In addition to Weibo, there is also WeChat
Please pay attention
WeChat public account
Shulou
2025-01-18 Update From: SLTechnology News&Howtos shulou NAV: SLTechnology News&Howtos > IT Information >
Share
Shulou(Shulou.com)11/24 Report--
From content generation, game development, to automation assistant, robot control. AIGC this "cool techs", is playing a role in more areas, and gradually infiltrating into the industry. For example, in the digital government scenario, through the integration of AIGC and digital human technology, we can provide personalized government services and consultation, optimize the interaction between the government and citizens, and improve the quality and efficiency of government services. At present, AIGC mainly focuses on three application scenarios: large model training, MaaS model service and AIGC reasoning, in which large model training is the main scene of competition among emerging enterprises.
"Don't play with big models without a good network." In order to build a large-scale training model cluster, we not only need basic components such as GPU server and network card, but also need to solve the problem of network construction. Network is very important for the computing power release and reliable operation of large model cluster. How to build a network system that meets the requirements of large model cluster computing is one of the keys to promote the development of AIGC.
The requirements of "three excesses" of network system in AIGC large model training
In the process of large model training, there are three kinds of traffic models, which are tensor parallelism, pipelining parallelism and data parallelism. The well-known ChatGPT3 uses 128A100 servers with a total of 1024 A100 cards for training, so a single server node needs four 100G network channels, while other large models such as ChatGPT4 and ChatGPT5 will have a higher demand for the network. Tide Network believes that the requirements of large model training for the network can be summarized by the "three super" network, that is, super-large scale, ultra-high bandwidth, super-strong and reliable, in order to ensure the stable and reliable operation of the network, and provide strong support for large model training.
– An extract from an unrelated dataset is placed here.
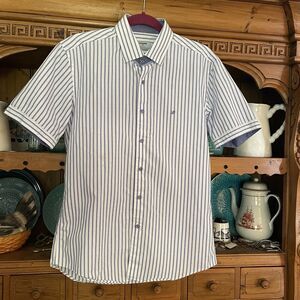 Renoma Paris Sz S Mens Slim‎ Blue Striped Nautical Short Sleeve Button up Shirt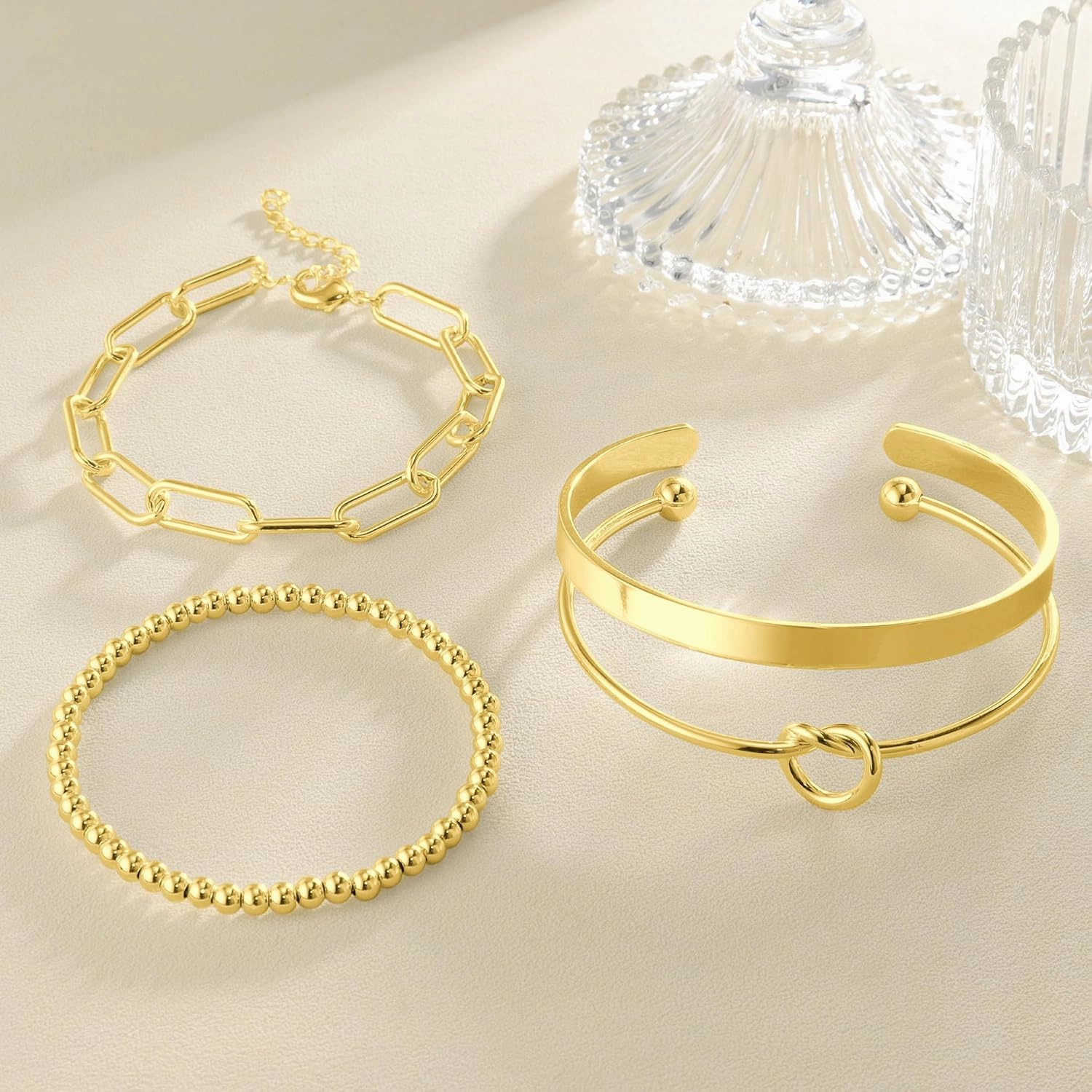 Reoxvo 14K Gold Plated Bangle Cuff Bracelets for Women Non Tarnish Gold Bracelet Stack Jewelry Set for Women Trendy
In order to solve the challenge of the "three super" networks, we need to focus on how to build a networking scheme that meets the needs of large-scale training. From the perspective of networking architecture, the current AIGC networking generally adopts fat tree architecture, which has the characteristics of high bandwidth, low delay and good scalability. In terms of networking protocols, the current mainstream in the industry is based on IB and RoCE two lossless network technologies, both of which can well meet the requirements of large-scale training with high bandwidth and low delay. The latency of IB is low enough, while RoCE is superior in terms of openness, cost performance, and maintainability.
Trend and driver of Tide Network Convergence to build an Intelligent Lossless Network solution based on RoCE
Tide Network, as the leader of cloud-side collaborative intelligent network, pays close attention to the development and changes of the market, and launches an intelligent lossless network solution based on RoCE, which helps to build the "three super" network of AIGC. It has the following advantages:
One is the integration of multi-protocols and multi-scenarios. In large-scale clusters, there are many scenarios, such as general computing cluster, AI / HPC cluster, storage and so on. The traditional scheme is to deploy multiple networks and protocols, such as Ethernet, IB, FC, etc., which are incompatible with each other, which greatly increases the difficulty of management and maintenance. The intelligent lossless network solution based on RoCE can adapt to general computing, AI / HPC, storage and other scenarios, and achieve Ethernet / IB / FC triple play. In this way, from maintaining multiple networks to maintaining one network, the overall construction and maintenance costs are greatly reduced.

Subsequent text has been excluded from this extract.